------ MATERIAL FOR THIS EXERCISE

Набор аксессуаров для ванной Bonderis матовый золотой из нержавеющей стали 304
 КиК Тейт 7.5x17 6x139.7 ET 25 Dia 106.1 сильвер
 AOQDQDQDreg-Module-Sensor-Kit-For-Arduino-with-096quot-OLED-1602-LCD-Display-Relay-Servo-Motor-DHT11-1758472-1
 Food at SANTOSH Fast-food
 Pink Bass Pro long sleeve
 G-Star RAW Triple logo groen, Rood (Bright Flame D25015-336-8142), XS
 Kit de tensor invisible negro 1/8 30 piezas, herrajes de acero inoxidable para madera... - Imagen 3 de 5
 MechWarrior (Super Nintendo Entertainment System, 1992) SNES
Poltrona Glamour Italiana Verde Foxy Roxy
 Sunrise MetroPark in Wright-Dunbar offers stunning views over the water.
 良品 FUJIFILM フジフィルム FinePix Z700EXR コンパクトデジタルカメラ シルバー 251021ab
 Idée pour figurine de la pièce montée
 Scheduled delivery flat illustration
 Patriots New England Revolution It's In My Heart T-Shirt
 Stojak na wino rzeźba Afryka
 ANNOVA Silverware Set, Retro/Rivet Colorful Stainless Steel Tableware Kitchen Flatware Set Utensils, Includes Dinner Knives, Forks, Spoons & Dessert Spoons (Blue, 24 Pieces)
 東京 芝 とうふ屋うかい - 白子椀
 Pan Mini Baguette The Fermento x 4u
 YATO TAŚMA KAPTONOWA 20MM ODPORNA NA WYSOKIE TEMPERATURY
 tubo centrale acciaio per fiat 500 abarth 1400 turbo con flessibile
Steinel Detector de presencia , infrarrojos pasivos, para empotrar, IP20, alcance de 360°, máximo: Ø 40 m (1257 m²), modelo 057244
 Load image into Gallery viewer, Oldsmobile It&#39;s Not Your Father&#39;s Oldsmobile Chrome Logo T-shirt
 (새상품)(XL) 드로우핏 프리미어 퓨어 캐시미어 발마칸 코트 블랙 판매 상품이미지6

------------

### TASK DIRECTIONS
Report every line of the data in which "para" appears.

### RESULT FOR THIS EXERCISE
 Kit de tensor invisible negro 1/8 30 piezas, herrajes de acero inoxidable para madera... - Imagen 3 de 5
Steinel Detector de presencia , infrarrojos pasivos, para empotrar, IP20, alcance de 360°, máximo: Ø 40 m (1257 m²), modelo 057244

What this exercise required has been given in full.